写真・図版 岩手県の北上山地に広がる豊かな自然の中で、草食・通年昼夜放牧・自然交配・自然分娩で育てられた健康な牛たちが主役だ。

写真・図版 中洞 正さん

 牛乳やチーズ、バターなど私たちの食生活に欠かすことのできない乳製品。しかし、近年ではシステム化された酪農により、昔ながらの味わいが薄れてきているという。そんな中、草食、完全放牧など、牛本来の生き方に沿った飼育を続ける酪農家がいる。岩手県「なかほら牧場」の中洞正さんに、その苦労と魅力を伺ってみよう。

健康で自然なミルク&乳製品

 当牧場では「草食・通年昼夜放牧・自然交配・自然分娩・母乳哺育」といった牛本来の行動を大切にした飼育法で牛を育てています。

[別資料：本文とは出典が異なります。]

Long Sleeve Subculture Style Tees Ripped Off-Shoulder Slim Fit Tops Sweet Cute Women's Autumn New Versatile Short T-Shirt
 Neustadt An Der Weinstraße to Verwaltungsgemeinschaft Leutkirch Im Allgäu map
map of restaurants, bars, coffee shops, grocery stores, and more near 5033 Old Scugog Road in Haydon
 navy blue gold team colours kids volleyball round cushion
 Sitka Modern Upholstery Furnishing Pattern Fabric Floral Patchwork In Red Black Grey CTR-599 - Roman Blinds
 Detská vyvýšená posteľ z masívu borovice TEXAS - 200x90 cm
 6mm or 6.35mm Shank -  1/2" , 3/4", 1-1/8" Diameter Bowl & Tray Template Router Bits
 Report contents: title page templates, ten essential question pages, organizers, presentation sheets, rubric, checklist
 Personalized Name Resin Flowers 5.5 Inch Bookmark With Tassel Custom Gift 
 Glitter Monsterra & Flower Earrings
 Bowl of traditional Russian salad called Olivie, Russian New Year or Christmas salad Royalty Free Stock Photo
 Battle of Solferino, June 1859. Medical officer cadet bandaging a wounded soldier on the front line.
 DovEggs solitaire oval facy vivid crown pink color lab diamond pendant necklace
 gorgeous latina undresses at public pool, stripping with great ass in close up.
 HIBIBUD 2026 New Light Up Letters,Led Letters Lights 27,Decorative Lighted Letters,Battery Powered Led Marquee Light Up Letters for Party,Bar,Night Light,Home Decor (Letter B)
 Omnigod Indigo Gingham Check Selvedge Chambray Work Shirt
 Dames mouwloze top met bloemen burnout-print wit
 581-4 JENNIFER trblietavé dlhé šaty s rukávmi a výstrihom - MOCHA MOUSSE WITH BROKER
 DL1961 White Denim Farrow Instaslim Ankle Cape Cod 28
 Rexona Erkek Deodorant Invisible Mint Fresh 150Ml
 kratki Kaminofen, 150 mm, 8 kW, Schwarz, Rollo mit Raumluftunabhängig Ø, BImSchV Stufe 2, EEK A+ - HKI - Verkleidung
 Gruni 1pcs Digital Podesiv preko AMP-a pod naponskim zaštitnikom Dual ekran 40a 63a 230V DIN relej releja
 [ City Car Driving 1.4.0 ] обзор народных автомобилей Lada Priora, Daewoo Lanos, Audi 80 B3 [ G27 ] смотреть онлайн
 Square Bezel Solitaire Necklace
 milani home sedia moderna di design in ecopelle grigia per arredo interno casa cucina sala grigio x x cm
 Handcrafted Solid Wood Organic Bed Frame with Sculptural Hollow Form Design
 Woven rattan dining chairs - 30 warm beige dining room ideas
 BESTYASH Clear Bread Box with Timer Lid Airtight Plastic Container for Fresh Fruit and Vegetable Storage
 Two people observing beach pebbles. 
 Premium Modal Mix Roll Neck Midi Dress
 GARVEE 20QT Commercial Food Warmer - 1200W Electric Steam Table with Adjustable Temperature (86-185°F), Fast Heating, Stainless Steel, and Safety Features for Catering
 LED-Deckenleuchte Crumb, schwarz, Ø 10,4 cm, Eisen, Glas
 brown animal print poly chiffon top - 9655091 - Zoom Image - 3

世界の酪農の主流は「牛舎飼い」または「部分放牧」で、エサも効率的な配合飼料・濃厚飼料が多いのですが、「なかほら牧場」の牛たちは完全に自然な状態で育てられています。

 乳・肉・卵といった畜産物を安心・安全な食品として提供するには、何よりもその動物を健康に育てることが欠かせません。当牧場では自然な飼育法にこだわって、健康なミルク乳製品をお届けしています。

牛乳グランプリ最高金賞のおいしい牛乳

 一番の自慢はやはり牛乳です。草食・自然放牧の環境で育った健康なジャージー牛から搾った乳を、自然の風味を生かす65度で30分じっくり殺菌したのが「なかほら牧場牛乳」です。これを自家製造かつ直送でお届けしますので、季節ごとの深い味わいとサラッとした口あたりを楽しんでいただけます。おかげさまで2013年の「ご当地牛乳グランプリ」では最高金賞を受賞しました。

 また、この牛乳のもうひとつの特徴は、製造直後よりもしばらくたってからの方がおいしいということです。できれば複数本買っていただいて、1本目は届いてすぐに飲み、そして残りをしばらくしてから飲んで、味の変化を楽しんでいただけるとうれしいですね。

「奇跡のリンゴ」とコラボしたヨーグルトも

 また当牧場では、牛乳だけでなく乳製品も人工甘味料や合成添加物を一切使わずに仕上げています。そんな乳製品のヒット商品が、無農薬・無肥料によるリンゴの商業栽培に成功した木村秋則さんとのコラボ商品である「奇跡のリンゴヨーグルト」ですね。草食・自然放牧の低温殺菌乳でつくったさわやかな酸味のヨーグルトと、「奇跡のリンゴ」ジュースとのコラボで、透き通るようなリンゴの香りが楽しめます。

話題のグラスフェッドバター

 最近話題の希少品といえば「グラスフェッドバター」ですね。当牧場では量が少ないながらも本物のグラスフェッドバターをつくっています。ただ、自然放牧で乳量が多くないのと、私どものような小規模乳業者は余った乳成分を生かす手段がなく、原料である生乳の価格をすべてバターに転嫁しなければならないので、かなり価格が高くなってしまうのが申し訳ないところですが…。

 衛生管理・産地証明なども大切ですが、同時に動物そのものが健康でのびのびと過ごせているかも、重要なポイントだと私たちは考えています。ぜひ良い物を食べて、健康な毎日をお過ごしください。